All lines from the one holding "Secret Original Roll-On" to the end of the listing are to be output exactly, both ends included, with any pictures left out.

[Data extract]
════════
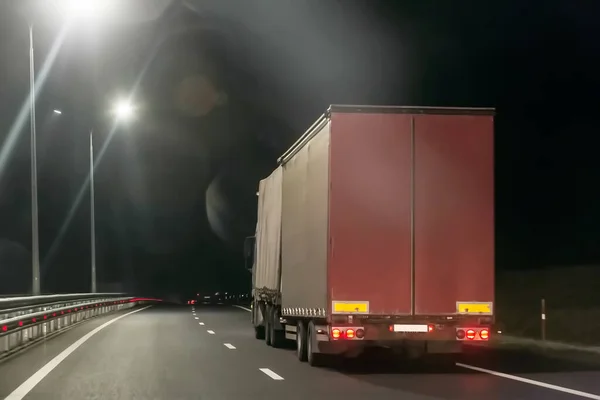 Camion Avec Remorque Déplace Nuit Long Une Autoroute Banlieue Éclairée — Photo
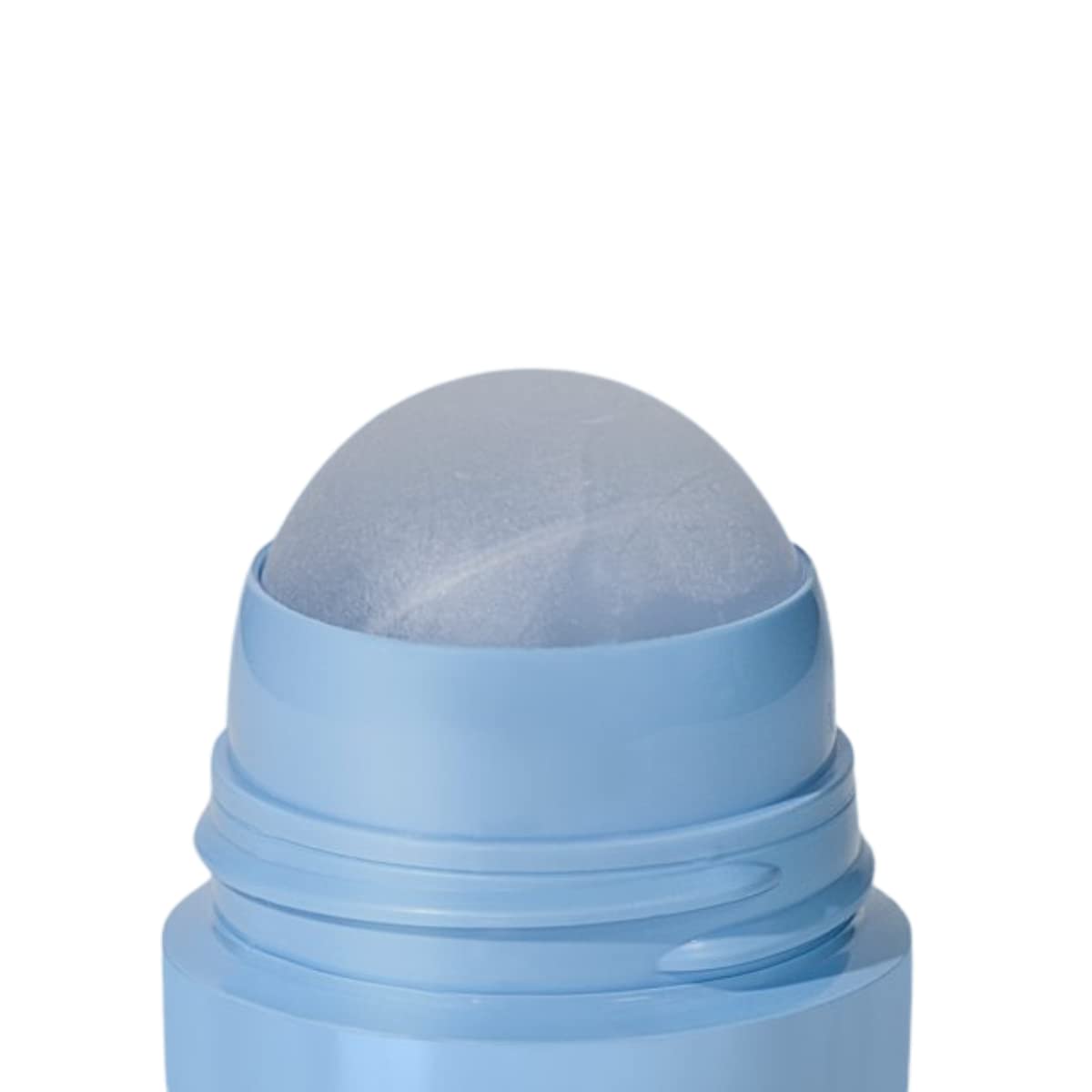 Secret Original Roll-On skin-test shows comfortable wear during daily activities.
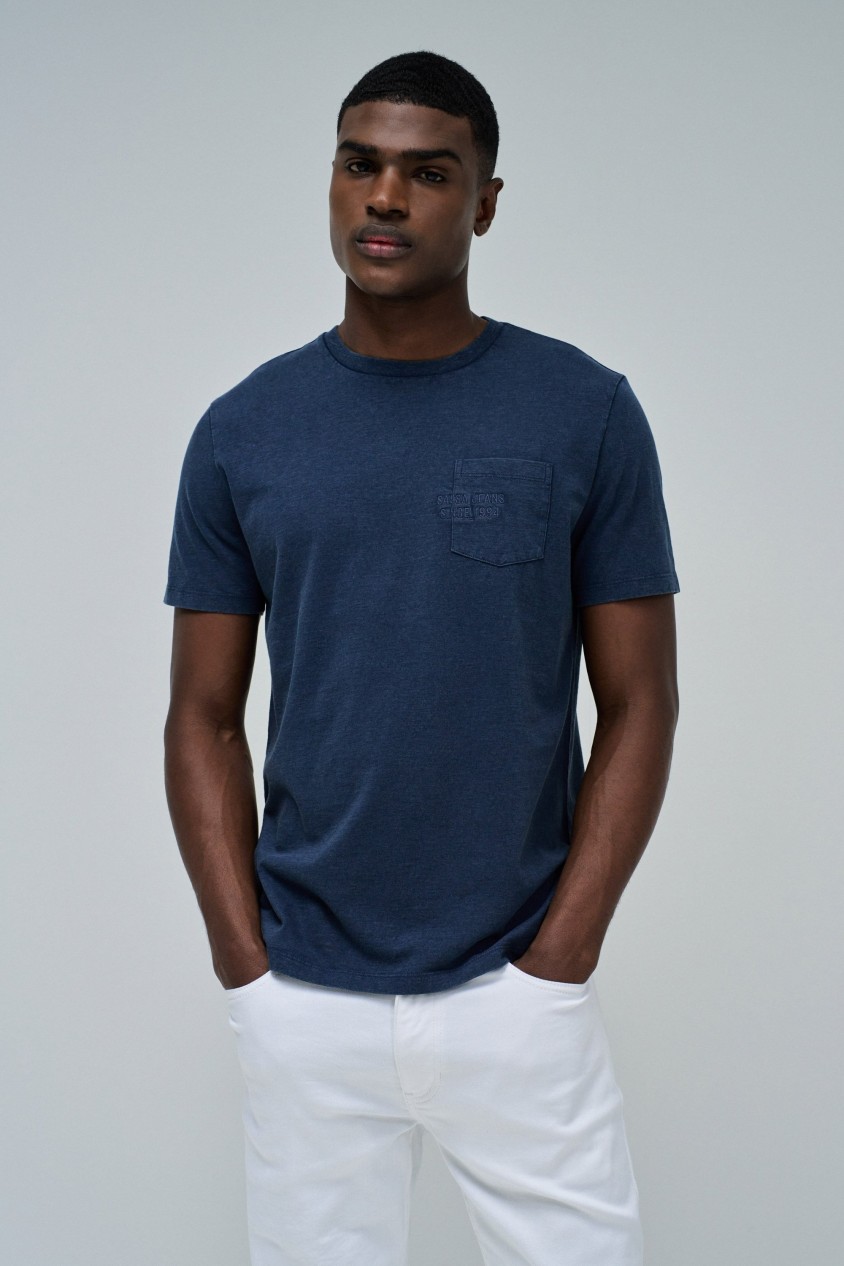 T-SHIRT MIT BRANDING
════════
[Response area]
 Secret Original Roll-On skin-test shows comfortable wear during daily activities.
 T-SHIRT MIT BRANDING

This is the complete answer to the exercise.